Aggiungere N2B27 con cinque microgrammi per millilitro di Meissen puro per ottenere le linee NPC MD stabili, far crescere le cellule per tre settimane in N2B27 più Meissen puro per caratterizzare il profilo di metilazione dell'introne SNCA 1. Prima estrarre il DNA da ogni linea cellulare del trasduttore stabile utilizzando un kit di estrazione del DNA, quindi utilizzare 800 nanogrammi di DNA per eseguire una conversione di bisolffuro con un kit disponibile in commercio e quindi un DNA convertito in 20 nanogrammi per micro litro. Per l'analisi piro-sequenziamento preparare la miscela master PCR in un tubo privo di nucleo trasferire la piastra di reazione a un termociclore e avviare la PCR.
Visualizza gli ampliconi usando due micro litri di prodotto PCR con una colorazione a 30 e bromuro a seguito dell'elettroforesi del gel di Agarosio. Per i saggi piro-sequenzianti si usavano miscele di DNA convertiti con solfuro e reagenti piro-sequenzianti come descritto nel manoscritto. Calcolare i valori di metilazione per ogni sito CPG utilizzando le rese fisiche del software di piro-sequenziamento del vettore Lentivirus d-Cas9-DMMT3A-GFP e il vettore NAIVE GFP generato utilizzando questo protocollo sono comparabili.
Ciò suggerisce che l'utilità della dorsale vettoriale ottimizzata combinata con il protocollo di produzione ottimizzato si traduce in rese elevate più strette dei tassi di trasduzione dei vettori CRISPR-dCas9 del vettore GFP Lentivirus d-Cas9-DNMT3 quattro volte inferiori a quelli del vettore NAIVE GFP suggerendo che l'efficienza di imballaggio del CRISPR d-Cas9-RNA è ridotta. I tassi di trasduzione del vettore PURO ingenuo erano cinque volte superiori rispetto al vettore d-Cas9-DNMT3A. Questi risultati sono stati ulteriormente confermati utilizzando naive GFP e d-Cas9-DNMT3A-GFP.

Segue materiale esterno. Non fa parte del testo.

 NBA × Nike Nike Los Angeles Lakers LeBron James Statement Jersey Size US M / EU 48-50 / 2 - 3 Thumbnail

Il protocollo basato su EB qui descritto consente la differenziazione dei PNG MD. hiPSC espresso piacere marcatore di potenza Oct4 mentre l'MD NPC è espresso sia Nestin che FoxA2. Sette test di piro-sequenziamento sono stati progettati e convalidati per la quantificazione dello stato di metilazione nell'introne 1 della SNCA.

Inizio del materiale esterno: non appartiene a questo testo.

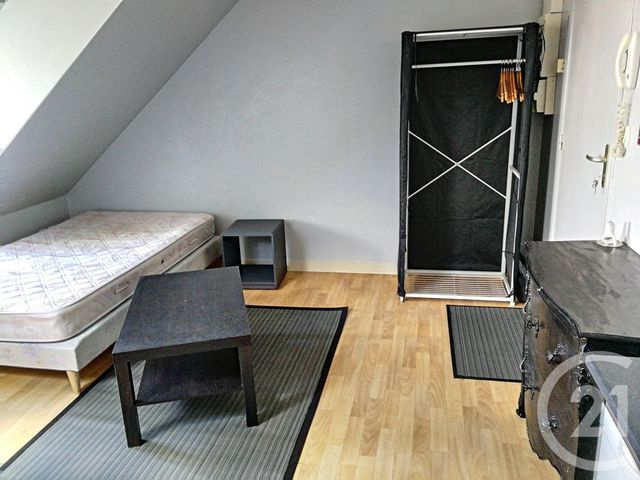 Appartement F1 &agrave; louer - 1 pi&egrave;ce - 16,86 m2 - Dinan - 22 - BRETAGNE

Tutti e 7 i test sono stati convalidati e hanno mostrato una correlazione lineare, utilizzando i test convalidati è stato possibile determinare i livelli di metilazione ai 23 CG nell'introne 1 della SNCA La cosa più importante da ricordare rispetto alla partecipazione a questa procedura è lavorare con cellule che mostrano una crescita e una salute adeguate per garantire coerenza tra gli esperimenti. La produzione di vettori lenticchie evidenziati in questa presentazione può essere facilmente adottata alla produzione di integrali carenti anti-virus che è anche può essere facilmente scalata fino a generare quantità maggiori o vettori più concentrati. Questa tecnica può aprire la strada all'esplorazione dell'impatto patogeno dei geni che si derenovono sull'età o sui disturbi generativi tra cui il morbo di Alzheimer e le relative demenze.
Il vantaggio dei vettori lenticchie che si sviluppano qui è che non è pericoloso o non i vettori lenticchie infettivi hanno solo un effetto minimo sul ciclo cellulare, sono una piattaforma di somministrazione sicura e affidabile per applicazioni di terapia genica.